▸ WORK ORDER:
All lines in the records below from the line with "Bouw van Antwerpse" through the line with "Front Walkway" are to be given again exactly, both ends included; the pictures are to be left out.

___ DATASET CONTENT

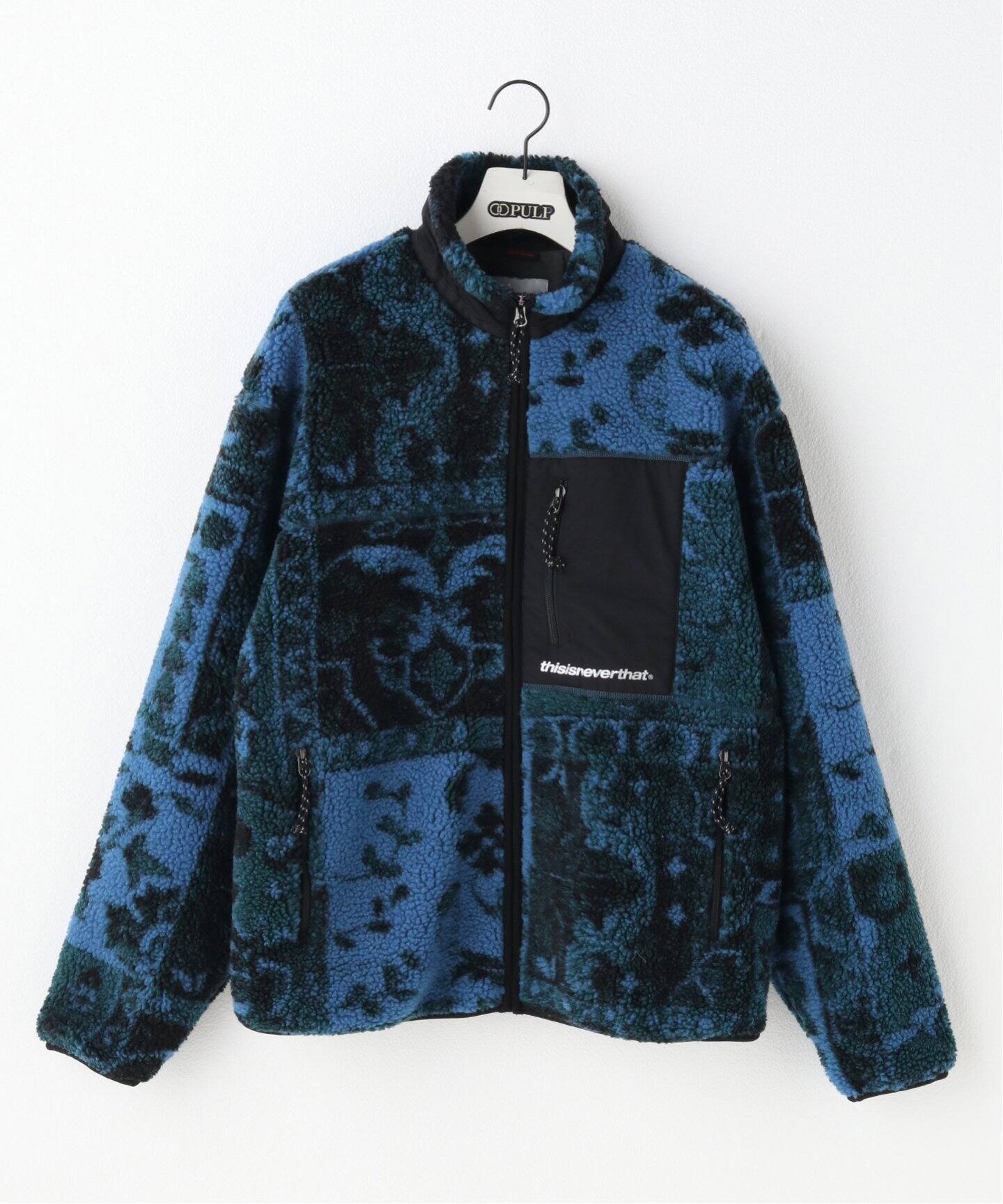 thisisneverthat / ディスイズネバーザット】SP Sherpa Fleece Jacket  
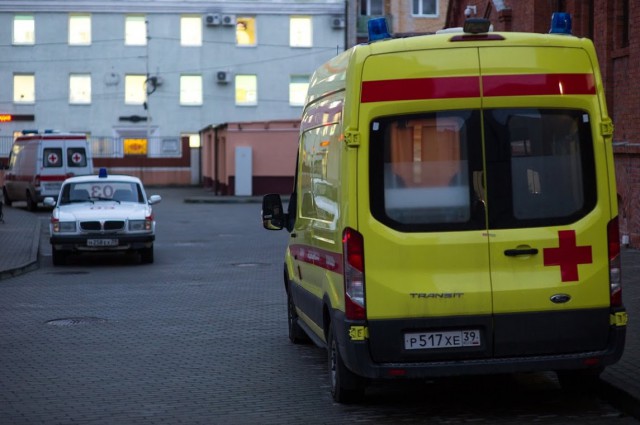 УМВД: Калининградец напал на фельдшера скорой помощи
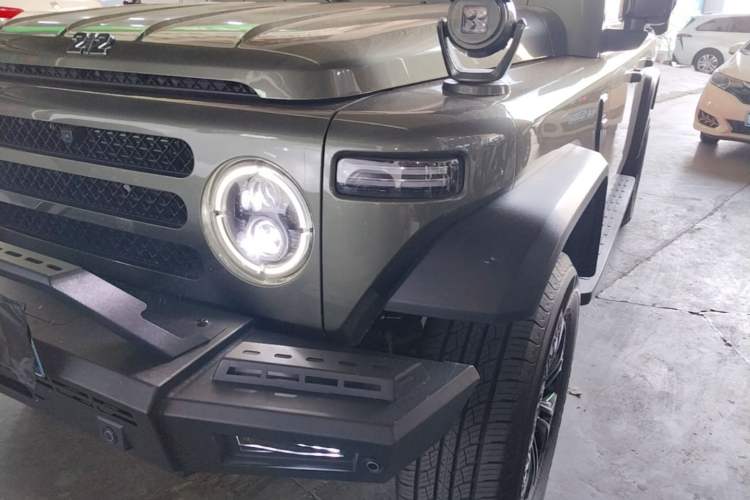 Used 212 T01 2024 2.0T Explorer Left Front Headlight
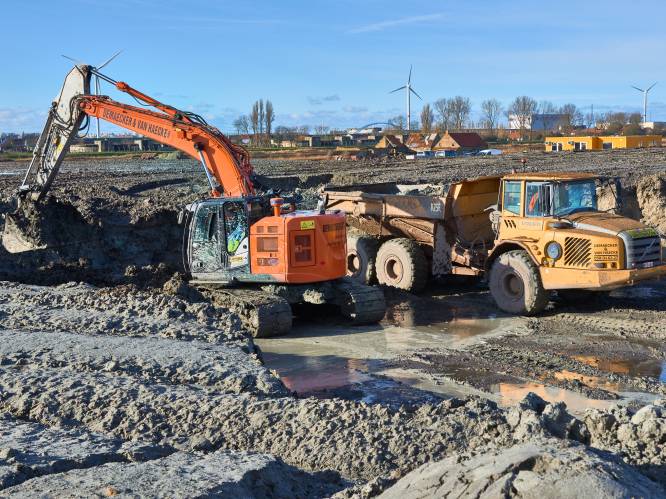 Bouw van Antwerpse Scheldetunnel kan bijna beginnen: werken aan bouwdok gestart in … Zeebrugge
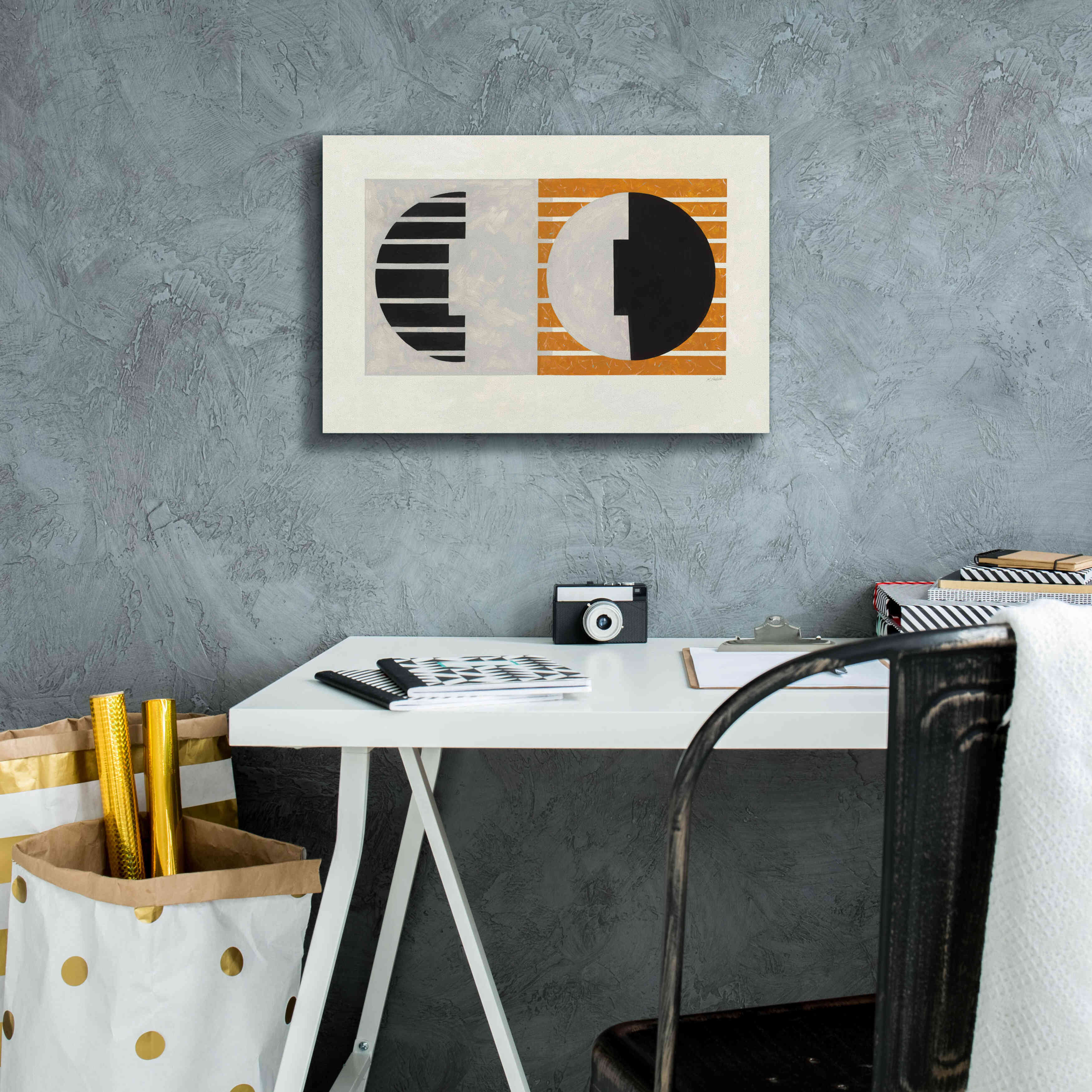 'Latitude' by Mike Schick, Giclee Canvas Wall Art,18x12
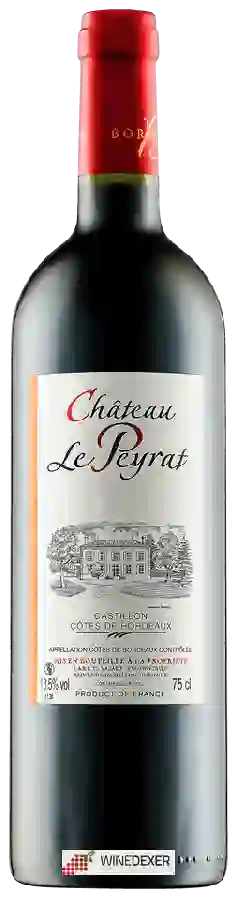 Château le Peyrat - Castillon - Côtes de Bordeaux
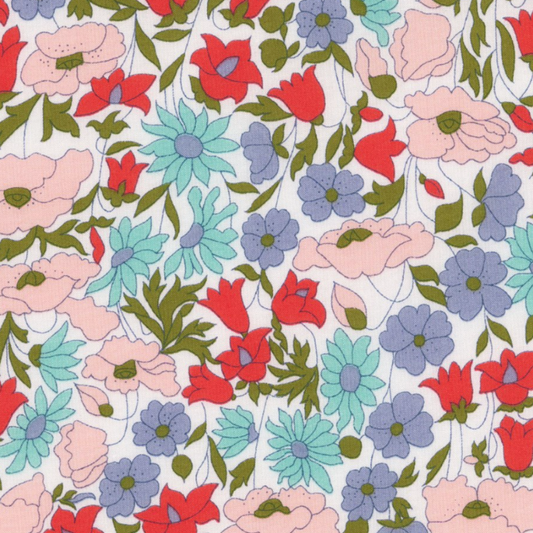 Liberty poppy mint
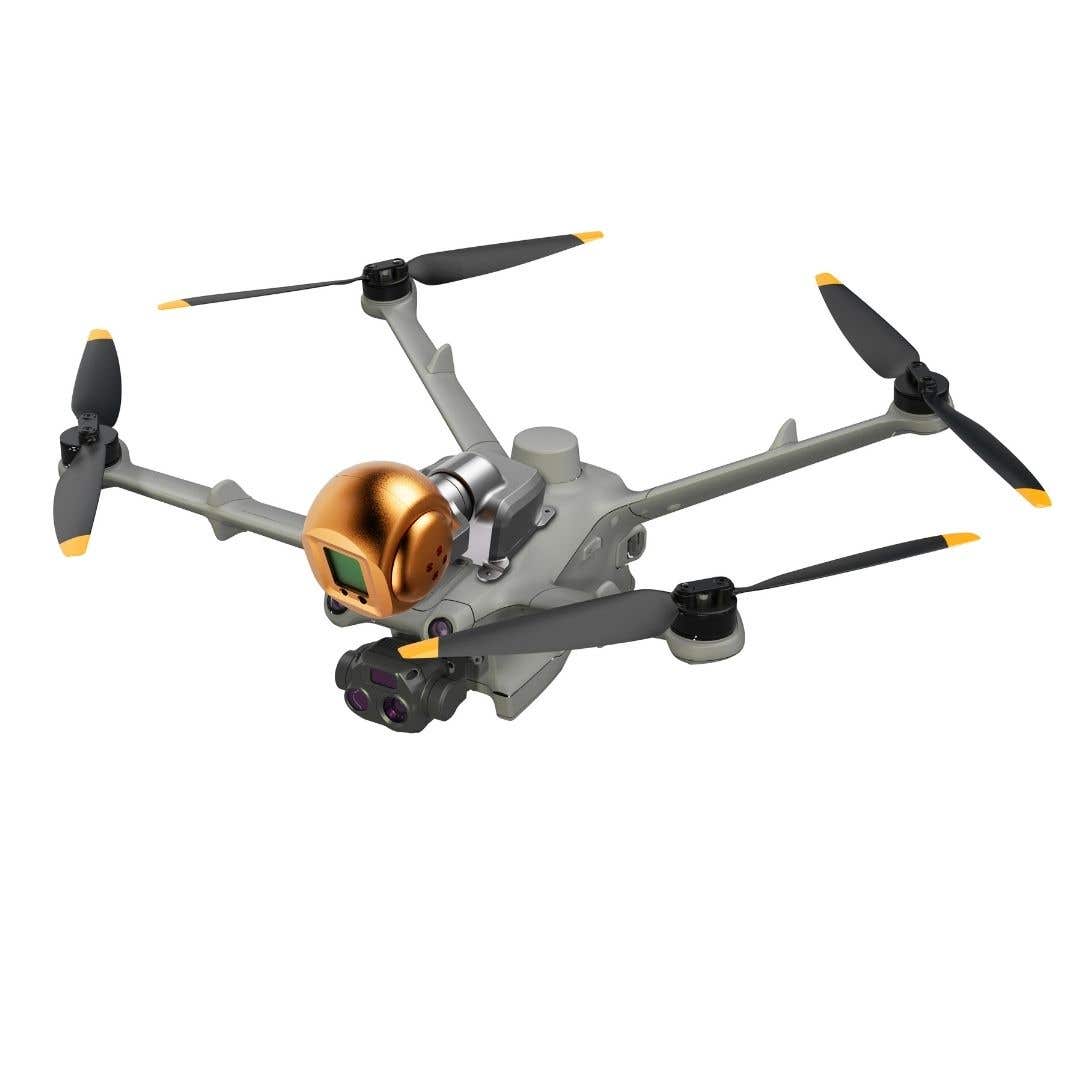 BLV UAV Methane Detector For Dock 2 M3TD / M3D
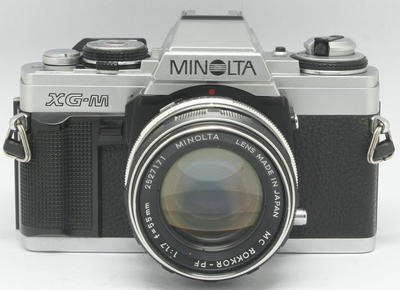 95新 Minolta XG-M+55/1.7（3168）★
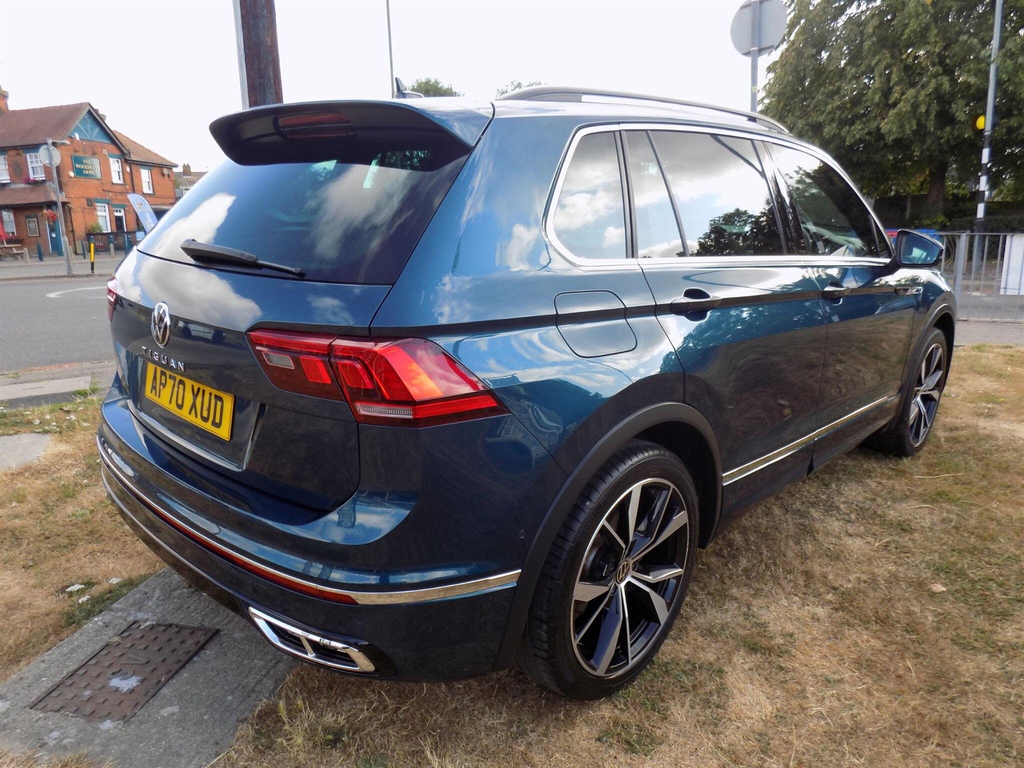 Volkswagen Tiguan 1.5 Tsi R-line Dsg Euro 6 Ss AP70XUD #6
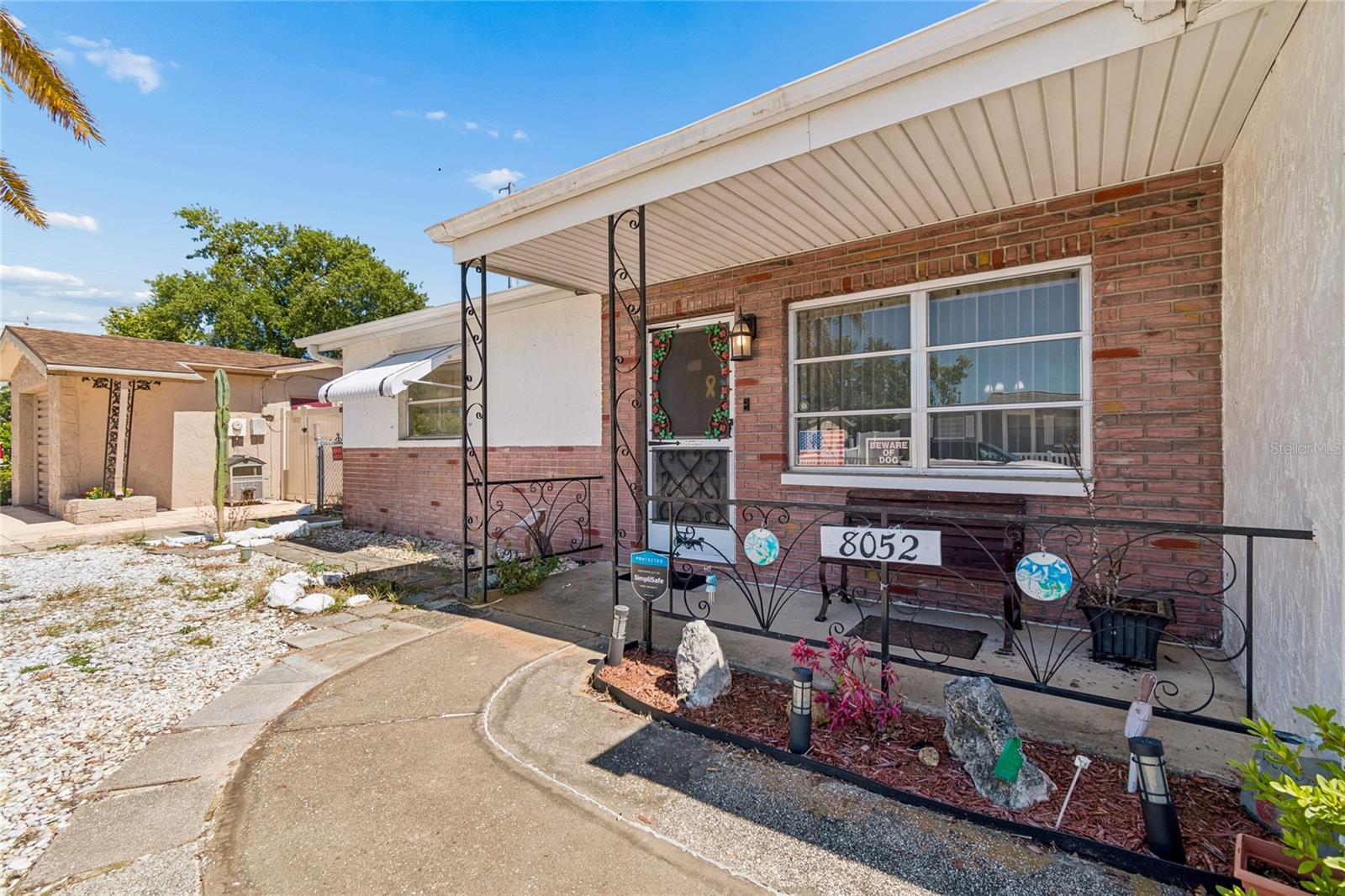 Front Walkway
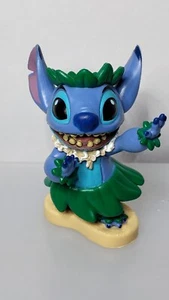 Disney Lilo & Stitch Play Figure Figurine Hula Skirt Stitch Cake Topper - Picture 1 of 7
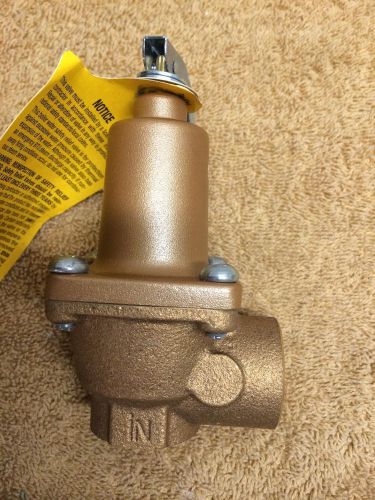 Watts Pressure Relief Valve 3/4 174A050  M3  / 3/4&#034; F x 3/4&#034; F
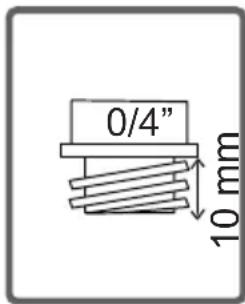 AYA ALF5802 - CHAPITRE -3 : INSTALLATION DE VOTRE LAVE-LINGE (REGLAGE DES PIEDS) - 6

______

▸ FINAL ANSWER:
 Bouw van Antwerpse Scheldetunnel kan bijna beginnen: werken aan bouwdok gestart in … Zeebrugge
 'Latitude' by Mike Schick, Giclee Canvas Wall Art,18x12
 Château le Peyrat - Castillon - Côtes de Bordeaux
 Liberty poppy mint
 BLV UAV Methane Detector For Dock 2 M3TD / M3D
 95新 Minolta XG-M+55/1.7（3168）★
 Volkswagen Tiguan 1.5 Tsi R-line Dsg Euro 6 Ss AP70XUD #6
 Front Walkway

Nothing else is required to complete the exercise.